Task material:
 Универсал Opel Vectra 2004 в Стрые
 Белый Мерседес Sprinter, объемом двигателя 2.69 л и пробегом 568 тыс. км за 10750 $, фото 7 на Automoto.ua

--

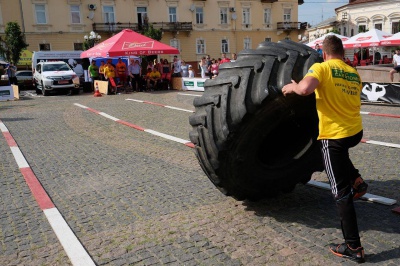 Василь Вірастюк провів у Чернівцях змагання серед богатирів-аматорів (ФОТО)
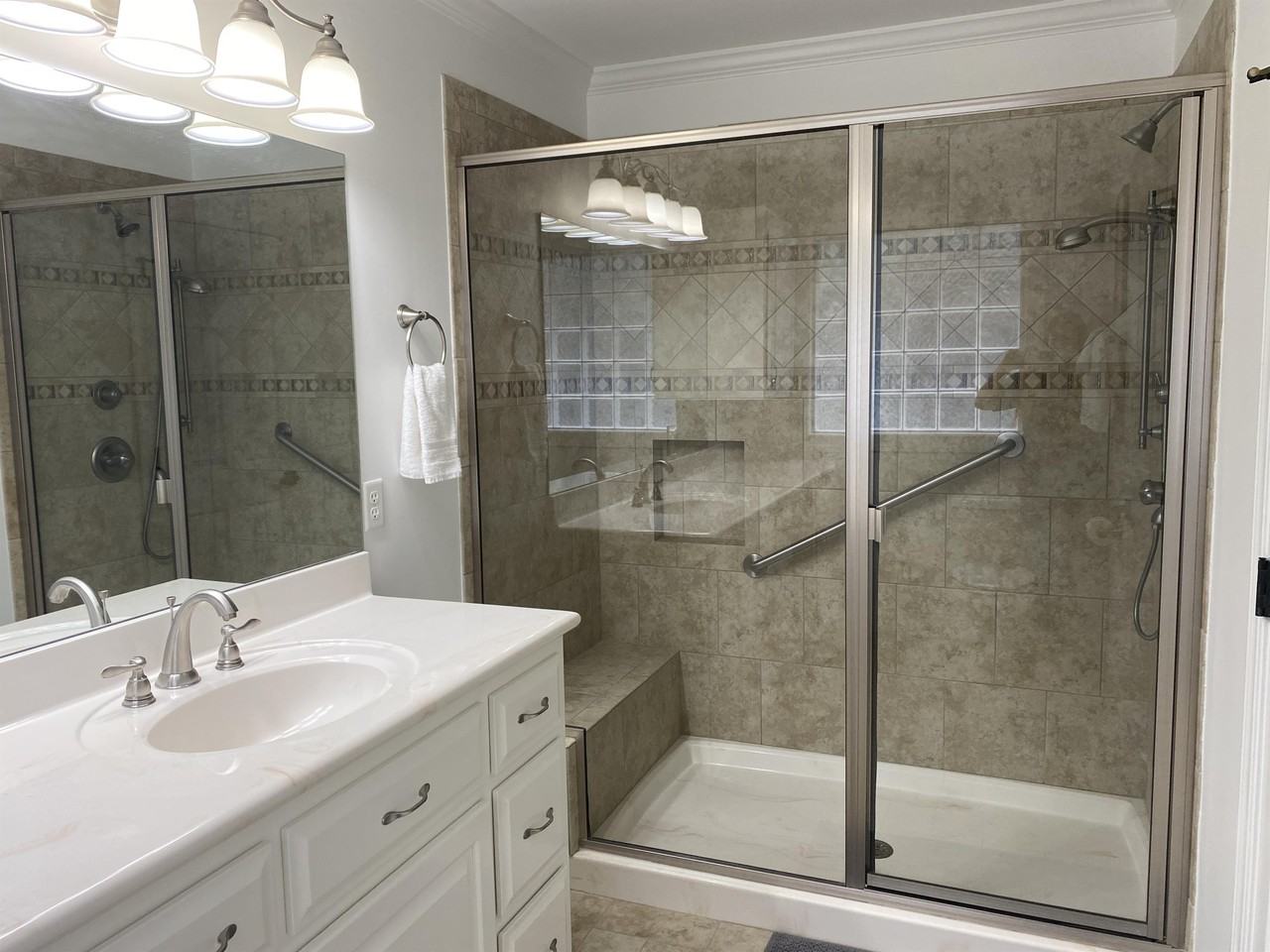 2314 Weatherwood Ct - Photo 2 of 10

Action item: Whatever else the listing above holds, retype exactly only the lines from the one containing "Универсал Opel Vectra 2004 в Стрые" to the one containing "Белый Мерседес Sprinter, объемом", both ends kept.

Result for this exercise:
 Универсал Opel Vectra 2004 в Стрые
 Белый Мерседес Sprinter, объемом двигателя 2.69 л и пробегом 568 тыс. км за 10750 $, фото 7 на Automoto.ua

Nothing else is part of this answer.